La seule tension perceptible apparaît entre les années 1966 et 1967, quand Sollers épousa Julia Kristeva. Du mariage considéré comme un des beaux-arts (Fayard, 2015), l’ouvrage qu’il a publié avec Kristeva, éclairerait cette étrange forme d’amour polygame. J’aime une femme, j’en épouse une autre et – la correspondance ne l’évoquerait qu’implicitement – je multiplie les aventures passagères. Chaque « plan » est rigoureusement distinct : l’écriture, la sociabilité, les plaisirs… On devine pourtant une phase périlleuse de jalousie que traversent les deux amants et qui contraint Sollers à rédiger des lettres programmatiques pour justifier le fait qu’il a décidé de se marier. La lettre du 23 mars 1967 est une des plus troublantes : « Lis-la à chaque fois que tu douteras, elle est permanente. » Ailleurs, Sollers ne cesse de répéter qu’il aime Dominique Rolin, qu’il a besoin d’elle, qu’il n’existe pas sans elle : « je te dois tout » (4 juillet 1972), « je m’appuie entièrement sur toi » (16 avril 1973), « si je ne t’avais pas, je ne pourrais pas continuer » (13 juillet 1974), etc.

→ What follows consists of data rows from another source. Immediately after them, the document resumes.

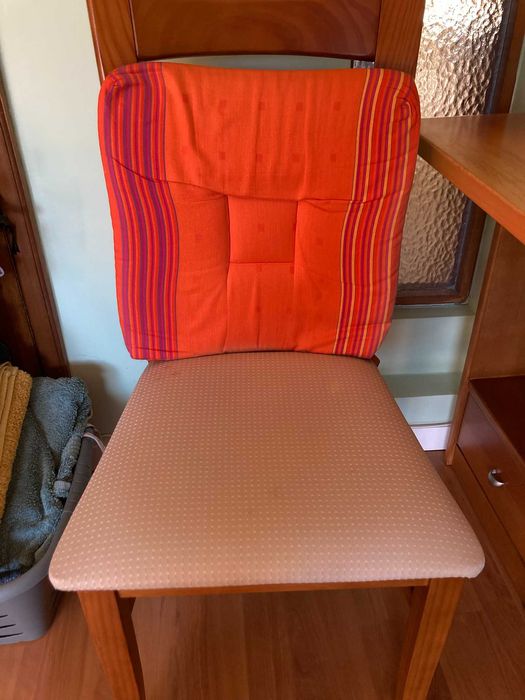 Secretária de madeira maciça e cadeira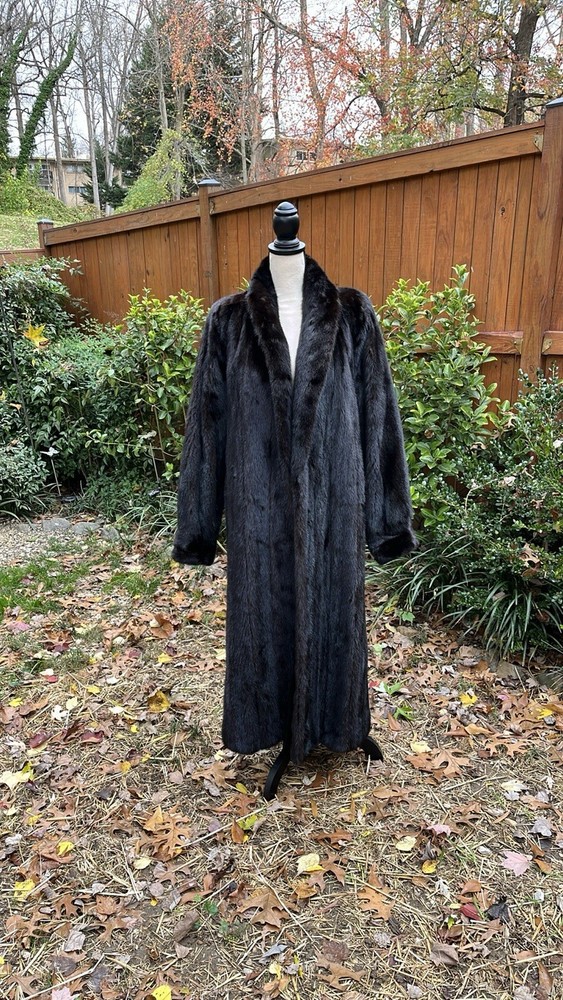 Luxurious Mink Brown Full-Length Fur Coat Size 10-12 by Evens Collection-image
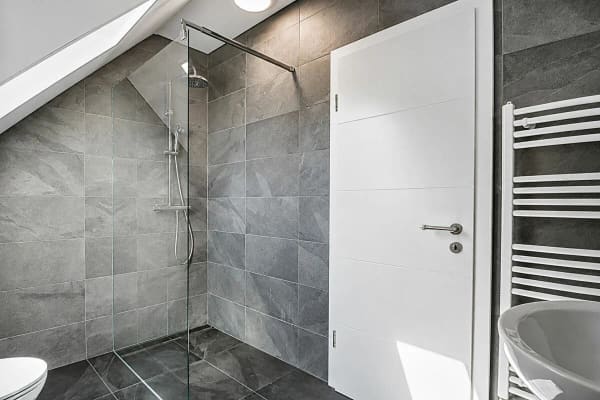 Immobilie in Sonvilier - Sonvilier, maison de 5.5 piÃ¨ces rÃ©novÃ©e avec une surface louÃ©e - Bild 13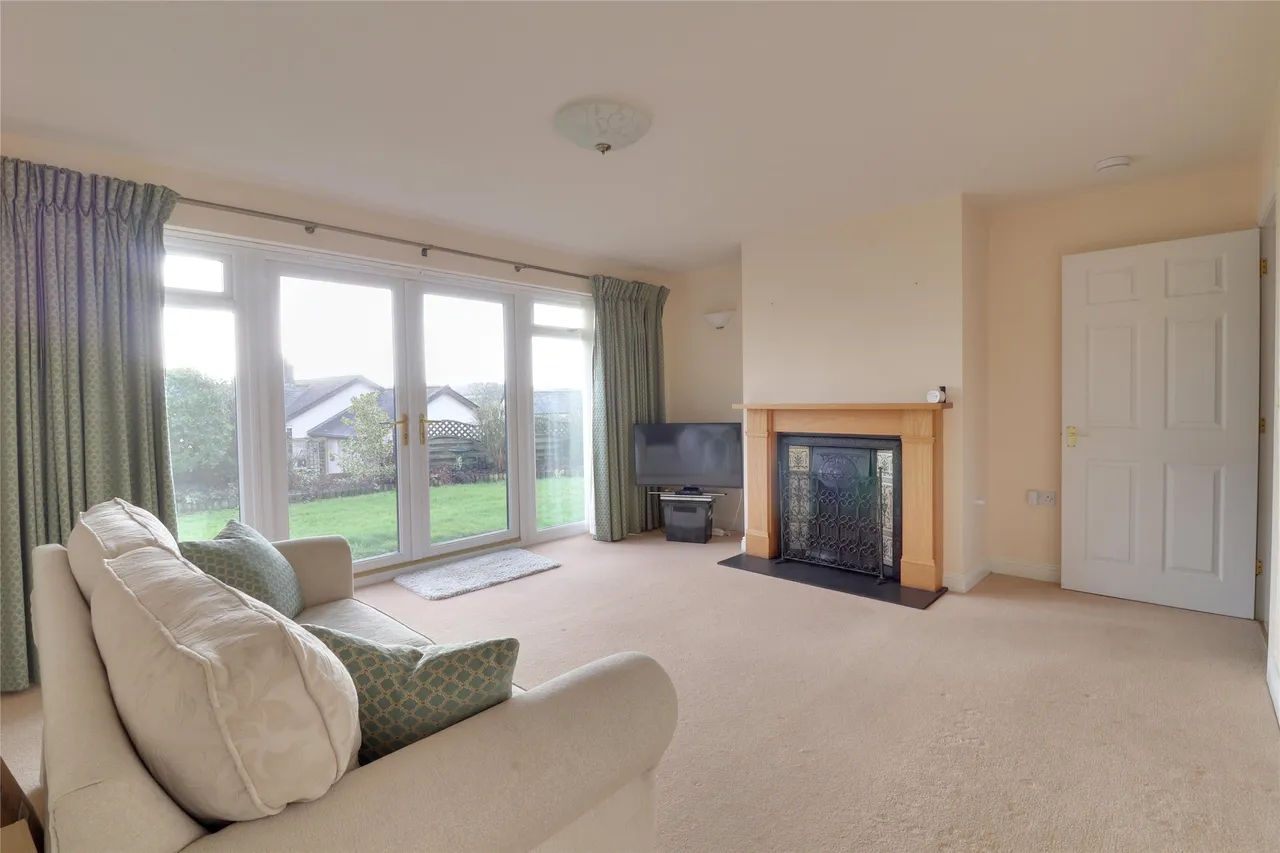 Hector Close, Dolton, EX19, photo 10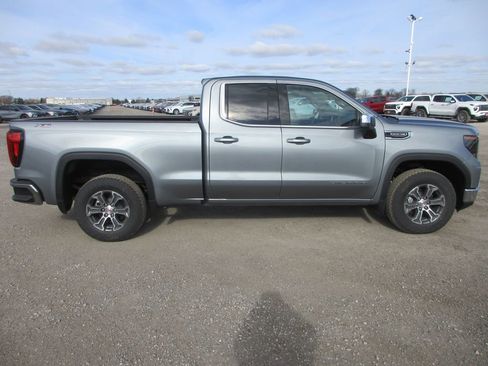 New 2026 GMC Sierra 1500 SLE image 3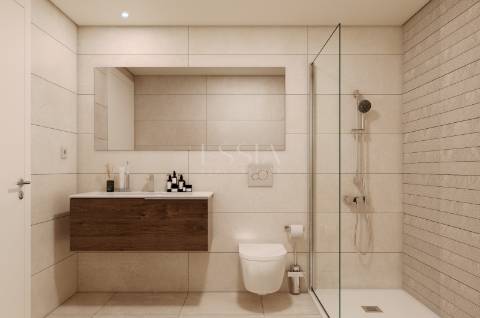 Apartamento T3 com Varanda e Garagem no Ouro Valley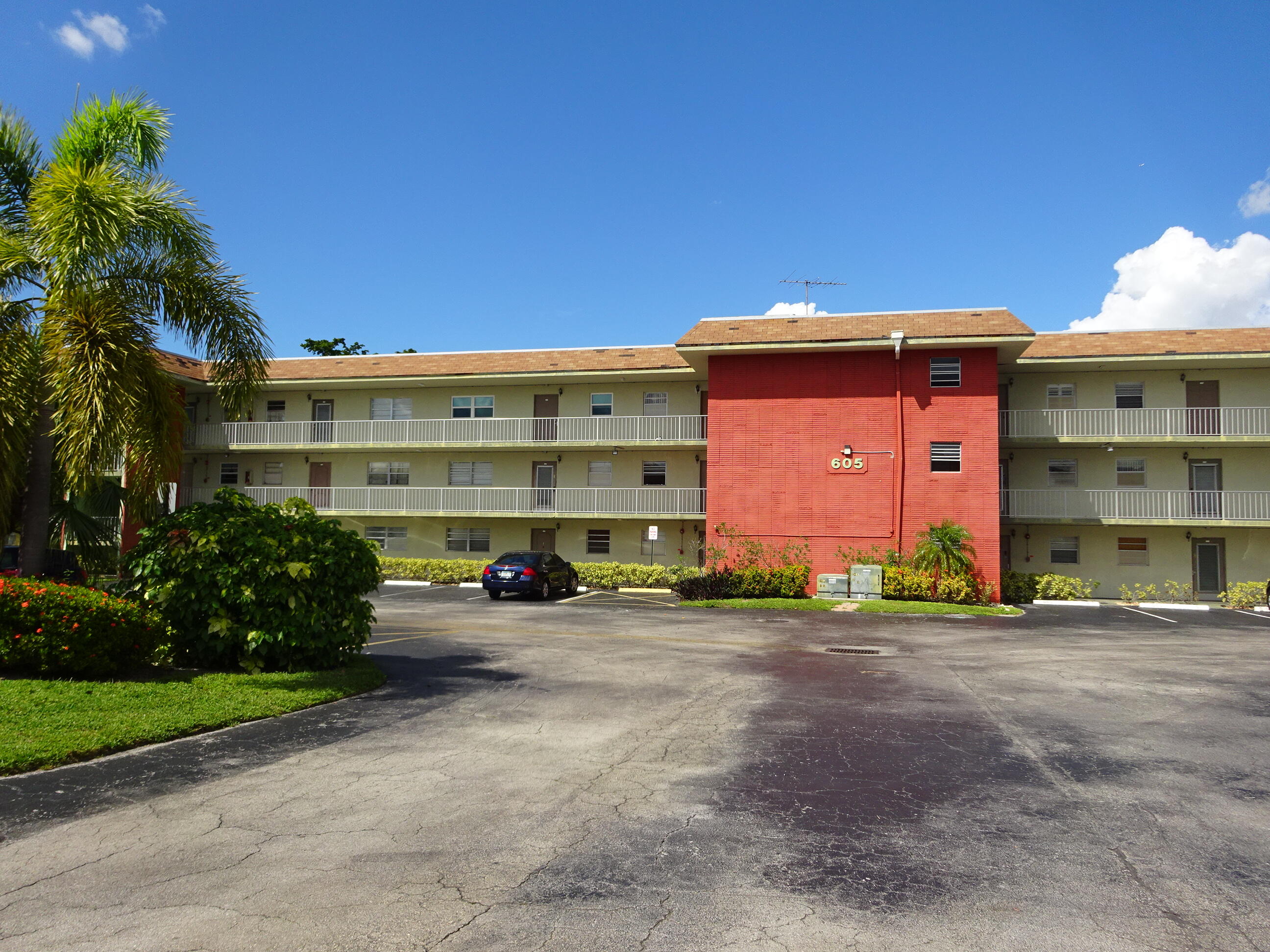 605 S STATE ROAD 7 #2D, Margate FL 33068
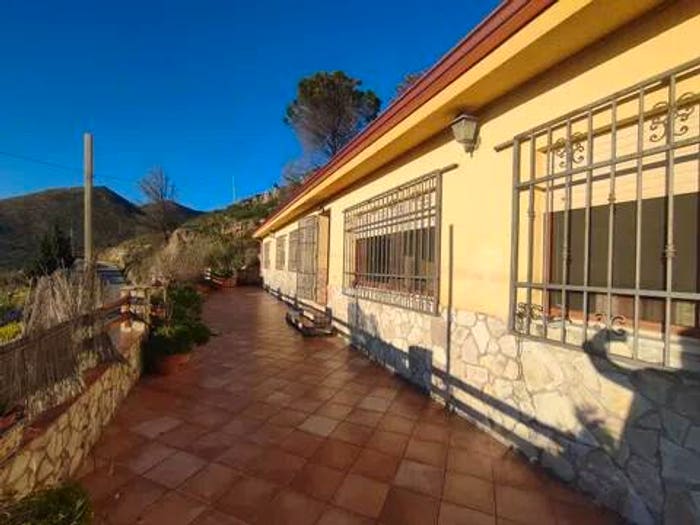 Casa trilocale in vendita in Strada Intercomunale, Montelepre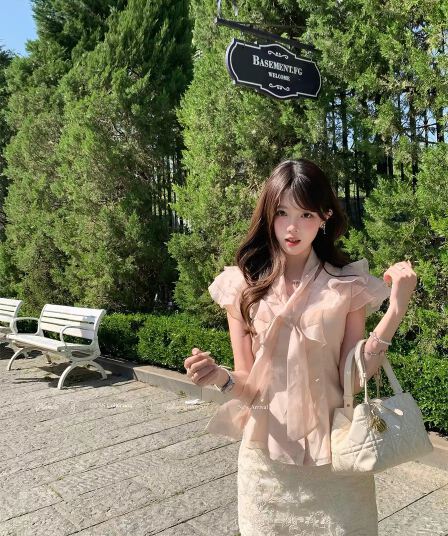 달콤한 수선화 꽃 리플 천 골드 프랑스식 레트로 프릴 품격 시폰 셔츠 여성 여름 나비 매듭 반팔 맨위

Lorsqu’ils ne sont pas ensemble, ils donnent l’impression de communiquer quotidiennement, soit par lettres, soit en se téléphonant. Leur lieu d’élection est Venise, la camera trenta due de La Calcina, l’hôtel où ils se retrouvent, ou bien l’appartement de Dominique Rolin, sis rue de Verneuil à Paris et qu’ils appellent « le Veineux ». Il y a, dans cet amour, une « magie » déconcertante (le mot revient fréquemment), un bonheur absolu que Sollers qualifie encore de « communion mystique » (13 juillet 1970). L’écriture est le point d’ancrage : « Tu es vivante dans mon texte comme je suis vivant dans le tien. » L’amour en soi ne suffit pas. Il ne s’engendre que par l’écriture. Sollers et Dominique Rolin s’aiment parce qu’ils écrivent, parce qu’ils s’écrivent, parce qu’en aimant ils résolvent les épreuves qu’ils rencontrent en écrivant. L’exception s’érige en règle, en travail d’amour. La muse n’est pas qu’inspiratrice. Elle s’inspire de celui qu’elle inspire et qui l’encourage à écrire. 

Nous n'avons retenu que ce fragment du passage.